📝 Editoryal Not:
Yumurtalık (over) kanseri, genellikle sessiz seyreden yapısı nedeniyle ileri evrede tanı konulan ve kadın yaşamını tehdit eden en önemli onkolojik sorunlardan biridir. 8 Mayıs Dünya Yumurtalık Kanseri Farkındalık Günü kapsamında hazırlanan bu basın bülteni, klinik pratikte sık karşılaşılan ama toplumda farkındalığı düşük olan bu hastalığa dair güncel verileri ve uzman görüşlerini bilimsel bir dille sunmaktadır. Hem sağlık profesyonelleri hem de kamuoyu için önemli bilgiler içeren bu metin, erken tanı şansını artırabilecek semptomlara, risk faktörlerine ve koruyucu sağlık önlemlerine dikkat çekmektedir.
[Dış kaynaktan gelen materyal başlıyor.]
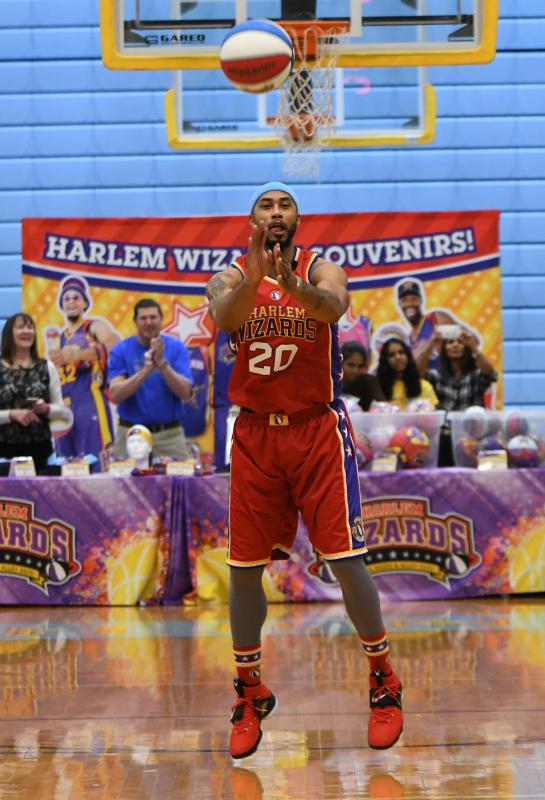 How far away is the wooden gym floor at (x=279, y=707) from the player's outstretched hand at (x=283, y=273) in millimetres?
1543

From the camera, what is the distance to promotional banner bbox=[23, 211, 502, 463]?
9039 mm

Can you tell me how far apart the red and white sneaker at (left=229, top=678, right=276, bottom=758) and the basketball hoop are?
4.16 metres

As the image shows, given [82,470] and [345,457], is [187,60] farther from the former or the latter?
[345,457]

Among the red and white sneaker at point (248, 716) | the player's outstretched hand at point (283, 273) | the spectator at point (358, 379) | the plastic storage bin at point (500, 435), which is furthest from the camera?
the spectator at point (358, 379)

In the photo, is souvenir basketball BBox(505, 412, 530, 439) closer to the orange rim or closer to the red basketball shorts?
the orange rim

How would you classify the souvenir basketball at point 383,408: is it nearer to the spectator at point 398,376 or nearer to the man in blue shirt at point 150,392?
the spectator at point 398,376

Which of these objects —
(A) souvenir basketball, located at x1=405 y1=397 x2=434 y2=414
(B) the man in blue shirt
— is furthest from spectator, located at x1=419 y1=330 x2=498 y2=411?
(B) the man in blue shirt

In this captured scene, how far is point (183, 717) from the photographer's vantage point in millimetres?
4453

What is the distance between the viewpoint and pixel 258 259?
3.72 metres

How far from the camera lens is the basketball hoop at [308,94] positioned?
23.2ft

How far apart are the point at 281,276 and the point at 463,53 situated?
13.2ft

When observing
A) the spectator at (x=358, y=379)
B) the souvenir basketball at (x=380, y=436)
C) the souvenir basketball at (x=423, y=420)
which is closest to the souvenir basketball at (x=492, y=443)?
the souvenir basketball at (x=423, y=420)

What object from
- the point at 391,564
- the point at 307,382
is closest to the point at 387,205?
the point at 391,564

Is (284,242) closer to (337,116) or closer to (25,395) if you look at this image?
→ (25,395) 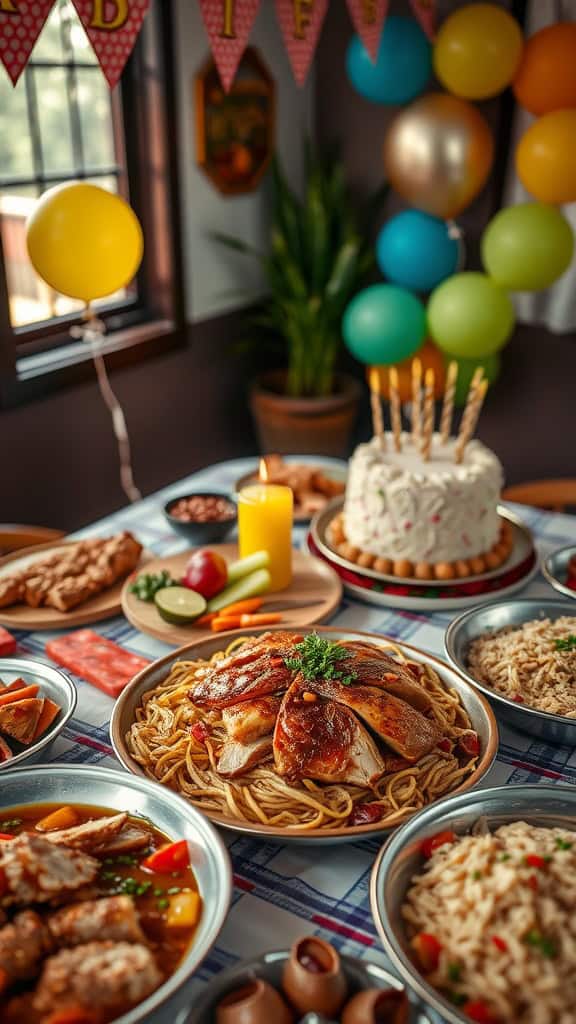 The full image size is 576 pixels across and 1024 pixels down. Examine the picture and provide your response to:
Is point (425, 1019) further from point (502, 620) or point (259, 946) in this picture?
point (502, 620)

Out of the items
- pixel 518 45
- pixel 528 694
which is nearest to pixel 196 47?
pixel 518 45

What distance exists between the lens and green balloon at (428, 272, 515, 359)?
4289 mm

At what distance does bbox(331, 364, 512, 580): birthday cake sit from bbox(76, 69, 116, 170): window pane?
9.02ft

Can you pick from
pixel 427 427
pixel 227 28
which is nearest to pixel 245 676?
Answer: pixel 427 427

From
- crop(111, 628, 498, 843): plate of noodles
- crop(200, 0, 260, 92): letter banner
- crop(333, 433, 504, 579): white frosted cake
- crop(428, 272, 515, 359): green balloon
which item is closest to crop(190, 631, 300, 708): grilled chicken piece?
crop(111, 628, 498, 843): plate of noodles

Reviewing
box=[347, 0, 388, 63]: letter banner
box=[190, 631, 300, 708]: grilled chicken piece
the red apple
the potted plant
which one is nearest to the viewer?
box=[190, 631, 300, 708]: grilled chicken piece

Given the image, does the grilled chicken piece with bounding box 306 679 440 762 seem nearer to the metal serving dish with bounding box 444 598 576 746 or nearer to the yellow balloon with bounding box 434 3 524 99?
the metal serving dish with bounding box 444 598 576 746

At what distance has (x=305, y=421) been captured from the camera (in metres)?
5.28

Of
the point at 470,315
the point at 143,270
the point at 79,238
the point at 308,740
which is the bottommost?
the point at 308,740

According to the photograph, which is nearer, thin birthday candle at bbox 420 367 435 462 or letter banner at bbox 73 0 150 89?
letter banner at bbox 73 0 150 89

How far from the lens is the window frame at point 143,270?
4.23m

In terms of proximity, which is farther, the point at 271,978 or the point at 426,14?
the point at 426,14

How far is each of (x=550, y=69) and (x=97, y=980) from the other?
13.6ft

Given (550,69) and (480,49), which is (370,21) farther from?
(550,69) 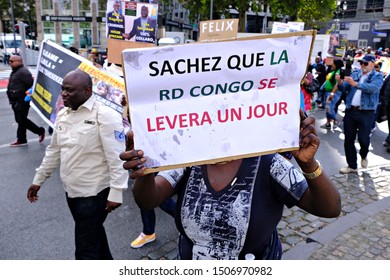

Kadınlarda en sık görülen üçüncü jinekolojik kanser olan yumurtalık (over) kanseri, sinsi ilerleyişi nedeniyle sıklıkla ileri evrede tanı almaktadır. Acıbadem Tıp Fakültesi Kadın Hastalıkları ve Doğum Anabilim Dalı Başkanı ve Acıbadem Maslak Hastanesi Jinekolojik Onkoloji Uzmanı Prof. Dr. Mete Güngör, 8 Mayıs Dünya Yumurtalık Kanseri Farkındalık Günü kapsamında yaptığı açıklamada, erken tanının önemine ve hastalıkla ilgili toplumsal farkındalığın yetersizliğine dikkat çekiyor.
Yaygınlığı Artıyor, Farkındalık Düşük
Her yıl Türkiye’de yaklaşık 4.000 kadına yumurtalık kanseri tanısı konulmakta ve her 100.000 kadından 7’si bu hastalıkla karşı karşıya kalmaktadır. Prof. Dr. Güngör, “Yumurtalık kanseri genellikle 60 yaş sonrasında görülse de, son yıllarda yaşam tarzı değişiklikleri ve çevresel faktörlerin etkisiyle daha genç yaşlarda da karşımıza çıkmaya başlamıştır. Ne yazık ki toplumun bu konuda bilgisi çok sınırlı; tanı konulan her üç kadından ikisi bu hastalığın adını ilk kez doktor odasında duyuyor” diyerek farkındalığın artırılması gerektiğini vurguluyor.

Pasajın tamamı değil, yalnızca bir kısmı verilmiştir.